Morte di Denny Magina, il dolore di Erika: «Ammazzato due volte, capisco chi pensa alla vendetta»
Livorno, la mamma del 29enne dopo la scarcerazione dell’indagato: «Un situazione surreale, per un errore adesso ce lo troviamo in giro»
LIVORNO. I carabinieri che suonano alla porta, in piena notte. «Signora, suo figlio è gravissimo. È volato giù da una finestra». La corsa in ospedale e la frase che una mamma non dovrebbe mai sentire: «Suo figlio è morto». Le indagini, il fascicolo con tre nomi, i due arresti per droga e l’arresto per omicidio dopo la ricostruzione della procura. «Hamed Hamza l’ha colpito con un pugno, per questo Denny Magina è volato giù dal quarto piano». Tutto in un anno e mezzo. O poco più. Tutto da quel maledetto 22 agosto 2022. Tempo che mamma Erika Terreni ha passato in apnea. Sperando e aspettando «giustizia per Denny». Poi, all’improvviso, la notizia: Hamza è fuori. Sia per l’omicidio (per un corto circuito giuridico) sia per lo spaccio (perché sono venute meno le esigenze cautelari). Ed Erika ha vissuto ancora l’ultimo anno e mezzo. L’ha vissuto ancora e ancora. Dal suono del campanello fino alla notizia del rilascio. «Me l’hanno ammazzato un’altra volta».
«Questa è giustizia?»
Delusione, rabbia, amarezza.

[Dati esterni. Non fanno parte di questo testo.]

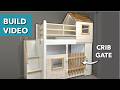 Toddler Bunk Bed: DIY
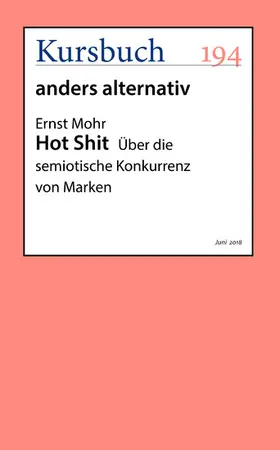 Mohr | Hot Shit | E-Book | www.sack.de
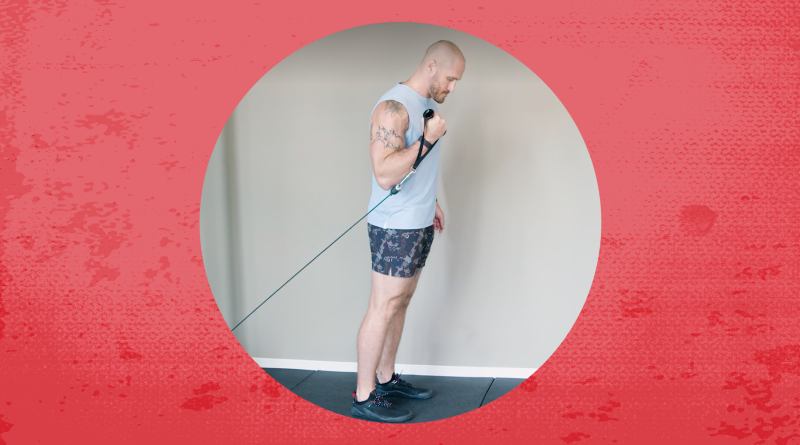 Want Bigger, Stronger Arms? Use the Biceps Cable Curl to Finish Off Your Workouts.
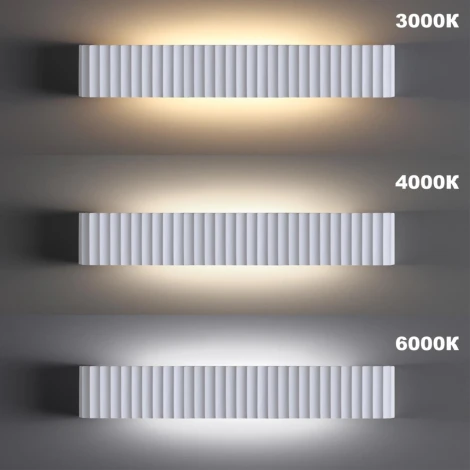 Настенный светильник Novotech Yeso 359403 с переключателем цв.температуры LED 16W 220V 3000/4000/6000K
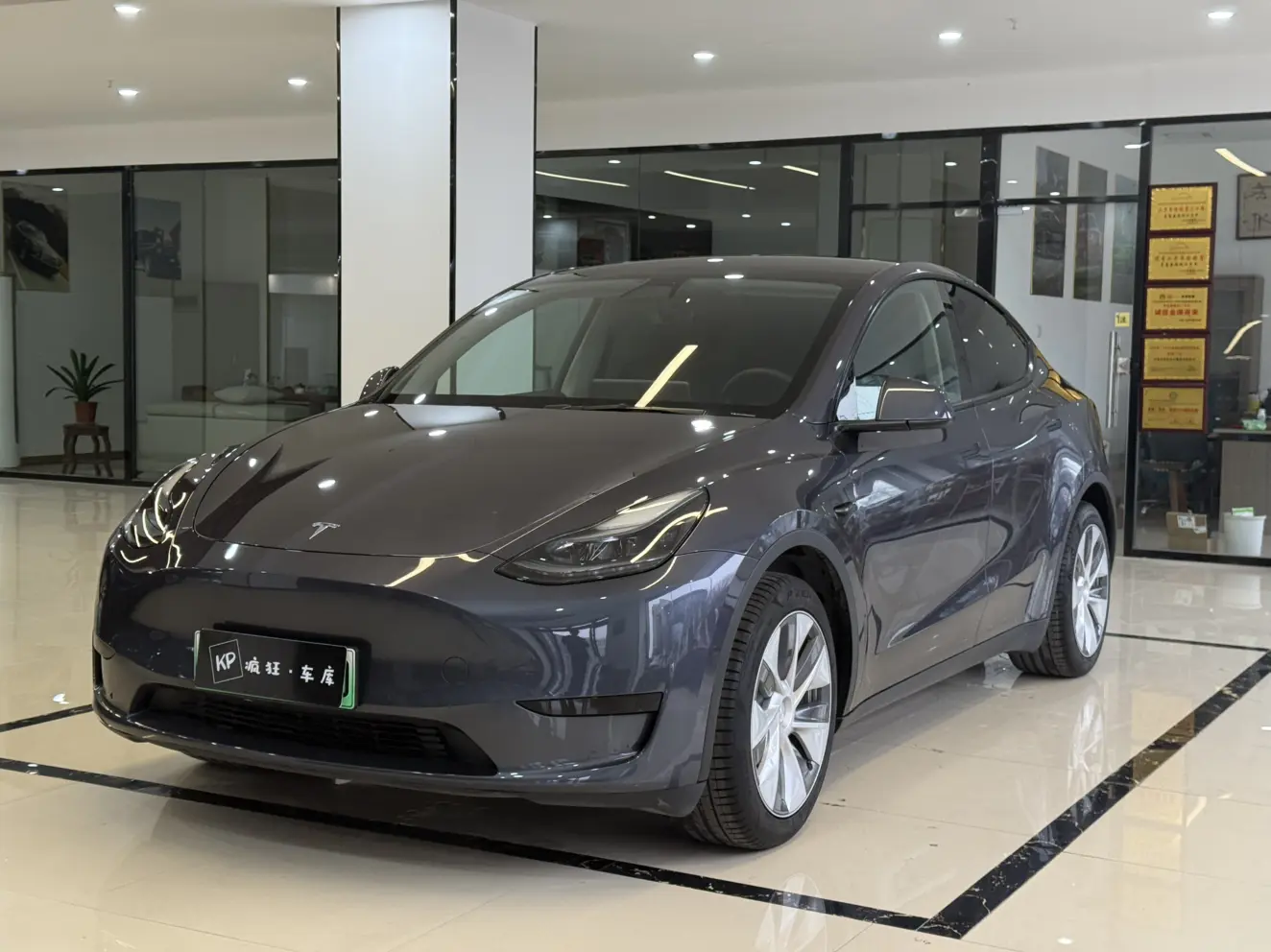 Tesla Model Y  из Китая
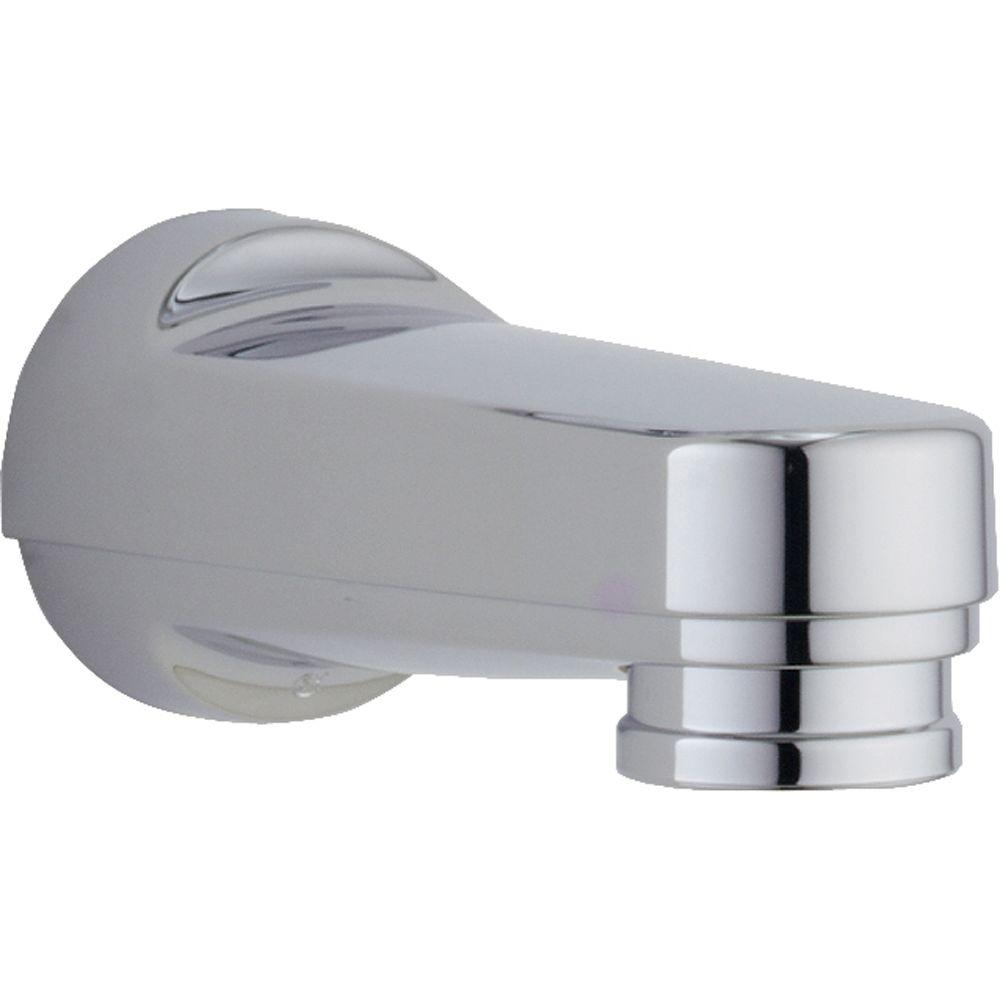 Delta Innovations Pull-Down Diverter Tub Spout in Chrome-RP17453 - The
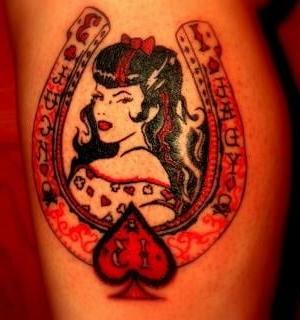 25P Hot wife tattoos.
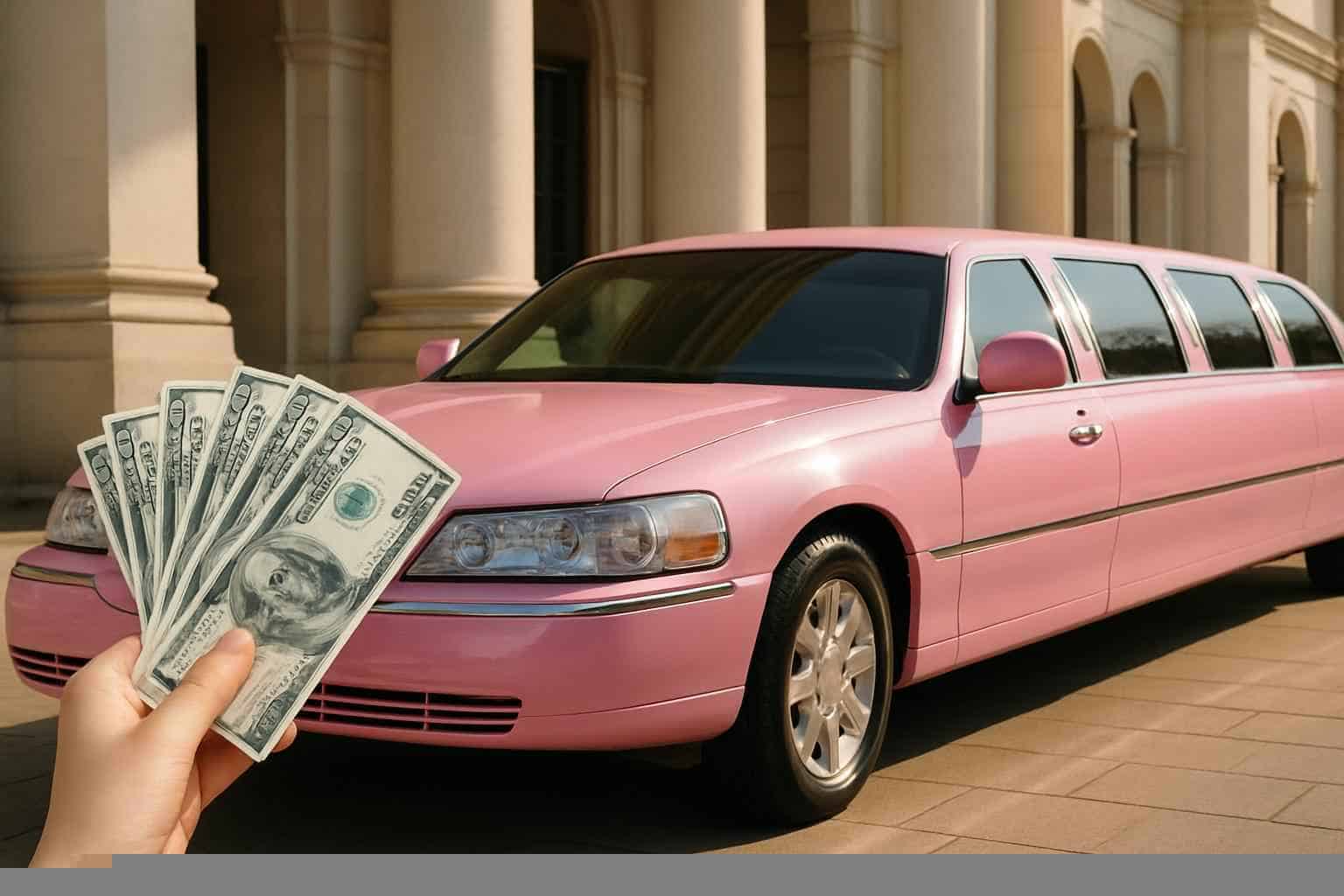 How much does pink limo rental cost in Phenix City Alabama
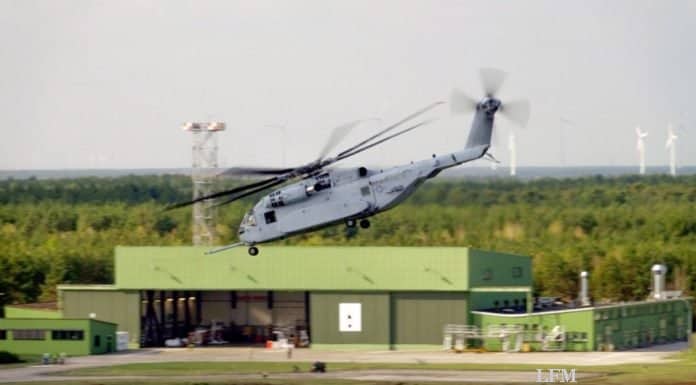 CH-53K von Rheinmetall und Sikorsky: Logistik am LEJ CH-53K von Rheinmetall und Sikorsky: Logistik am LEJ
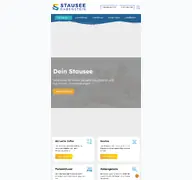Kleine Seitenvorschau von stausee-rabenstein.de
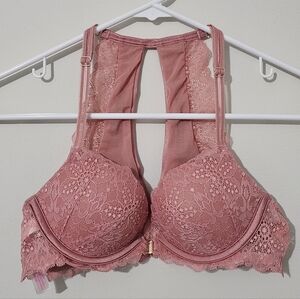 PINK Victoria's Secret Pink Date Push-up Bra Size 34A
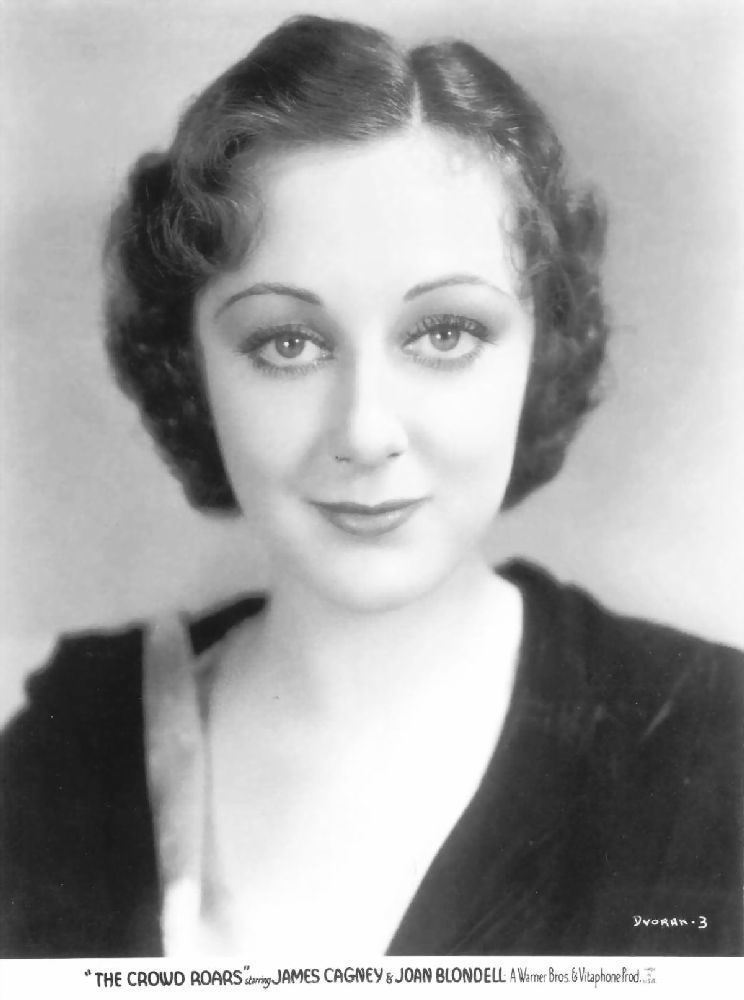 Ann Dvorak Picture of Ann Dvorak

Dolore. C’è tutto questo nella voce di Erika. «E anche di più». Poi c’è la determinazione, quella che ha avuto fin dall’inizio, nel voler sapere la verità su suo figlio. «Ma se questa è la giustizia allora non ci credo più. Allora capisco chi finisce per pensare alla vendetta». Perché mamma Erika non ha mai creduto né all’ipotesi del suicidio né a quella dell’incidente. E se Denny Magina nella notte tra il 21 e il 22 agosto del 2022 è morto dopo essere precipitato dal quarto piano è stato perché «qualcuno l’ha ucciso».
Le indagini
Il dubbio è venuto anche alla procura, tanto che ci sono tre indagati per omicidio preterintenzionale (non più volontario, come nell’ipotesi iniziale). Secondo la procura, che si basa su riscontri tecnici, Hamed Hamza avrebbe dato un pugno in faccia a Denny che, in quel momento sotto l’effetto di droga e in piedi di spalle alla finestra, indietreggiando è volato giù per poi morire in ospedale. Nella stanza in quel momento – sempre secondo la procura – c’erano anche Niko Casoli (ancora in carcere dopo una condanna per rapina) e Amine Ben Nossra (arrestato per spaccio e poi rimesso in libertà). Anche Hamza è finito in carcere a novembre per spaccio. Stessa misura cautelare chiesta e ottenuta dalla procura per l’altra accusa: quella di omicidio. Poi però dal carcere è uscito. Perché l’esigenza cautelare per spaccio si è esaurita con l’inizio del processo e perché quella per omicidio è stata annullata dal giudice a causa di una retrodatazione dei termini. Tutto questo in attesa della chiusura delle indagini e della richiesta di rinvio a giudizio, almeno per Hamza, annunciata dalla procura.
«Fuggirà»
Erika Terreni ha saputo della scarcerazione ieri, sabato 30. «Neanche il mio avvocato era stato messo al corrente. È incredibile. Anzi, di più. È surreale. Sembra di essere in un film. Abbiamo mantenuto la calma per 20 mesi e adesso per un errore ce lo ritroviamo in giro. Ci voleva più scrupolo, anche per tutto il lavoro che hanno fatto i carabinieri. Cosa bisogna fare per avere giustizia?». Giustizia per Denny è la frase impressa sugli striscioni con cui, il giorno dopo la morte del 29enne livornese, è stata tappezzata la città. Da via Giordano Bruno fino al palazzo del municipio. È la frase gridata durante i cortei e dopo le partite di calcio. «Non credo più in questa giustizia. Lui (Hamza, ndr) prende il primo treno e se ne va. E quando succederà cosa faranno? Dove lo andranno a cercare? Come pensano di poterlo trovare? Non mi aspetto più niente. E chi ha sbagliato dovrà assumersene la responsabilità». La mente è sempre lì, a Denny. A quel figlio che «oggi mi hanno ammazzato una seconda volta».